Nel quadro generale del diritto primario alla casa, non per questo meno investito da tale processo, si pone il bisogno generale e generalizzato di spazi liberati di socialità, liberati, in definitiva, da qualunque vincolo sistemico.
In quest’ottica, è necessario rilanciare la lotta, occupare stabili sfitti sia come riappropriazione indiretta di reddito, sia come riappropriazione di luoghi in cui esprimere se stessi fuori dal congegno perverso del sistema che determina tutti i tempi di vita, sottraendo dal tempo libero (e non ancora liberato) sempre più larghe fette di tempo di lavoro, con cui pagare quei servizi che, in realtà, apparterrebbero alla sfera generalissima del diritto a vivere.
Alla precarizzazione in generale della vita contribuisce in modo grave anche la ristrutturazione dei piani urbanistici, con l’introduzione degli schemi a cerchi concentrici, una dinamica che tende ad esasperare sempre più il gap esistente tra centro e periferia. Mentre nelle zone più periferiche, la mancanza di spazi sociali comporta una larga ghettizzazione giovanile con tutto ciò che ne consegue, nei punti non totalmente periferici, si verifica una vera e propria fuga verso un centro più e meno accessibile (si veda ad esempio la situazione della zona vesuviana il cui centro “più o meno accessibile” è Napoli).
Ciò è dovuto anche alla mancanza di alternativa, alla mancanza si spazi liberati di socialità, alla mancanza in definitiva di luoghi di aggregazione e confronto.
Occupazione, dunque, anche come riappropriazione di luoghi realmente liberati dal modello di socialità imposto, autogestiti e autofinanziati, attraverso la sperimentazione di percorsi sociali e politici alternativi.

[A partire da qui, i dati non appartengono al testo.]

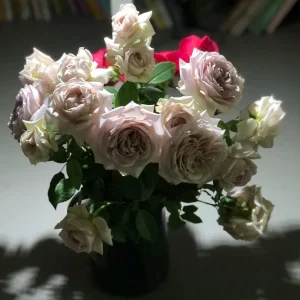 Sharitetowa Rose Live Plant - Cupped Cut Flower, Unique Beige Gray Blooms - Image 7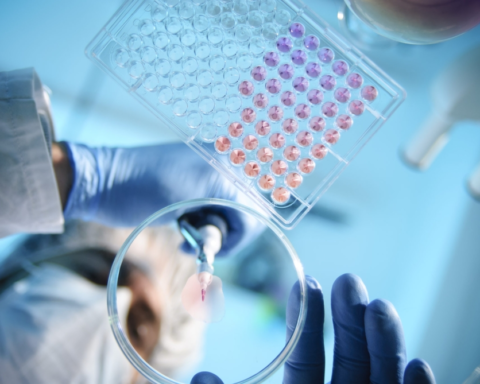 معايير ممارس البحث الإكلينيكي الجديدة 2025: البكالوريوس والتسجيل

La riappropriazione di spazi liberati di socialità si pone anche in una diversa ottica di intendere i rapporti sociali: il soggetto precario può nascere solo e soltanto se legato ad un concetto patriarcale di famiglia, nel senso che i giovani (soggetto precario per eccellenza, ovvero chi non ha conosciuto neppure i brandelli dello stato sociale), senza un lavoro stabile e senza nessuna forma di reddito indiretto (accesso libero alla casa, ai trasporti, alle cure, all’acqua, all’elettricità, ai saperi) si vedranno costretti a restare in casa con la famiglia, gravando sul bilancio familiare da un lato e, dall’altro, reprimendo i propri naturali istinti di indipendenza: in questo senso l’occupazione è la forma diretta di soddisfazione del bisogno di una casa in cui determinare i propri tempi e modi (ad esempio comportamenti e modi di intendere socialità e ruoli familiari) di vita.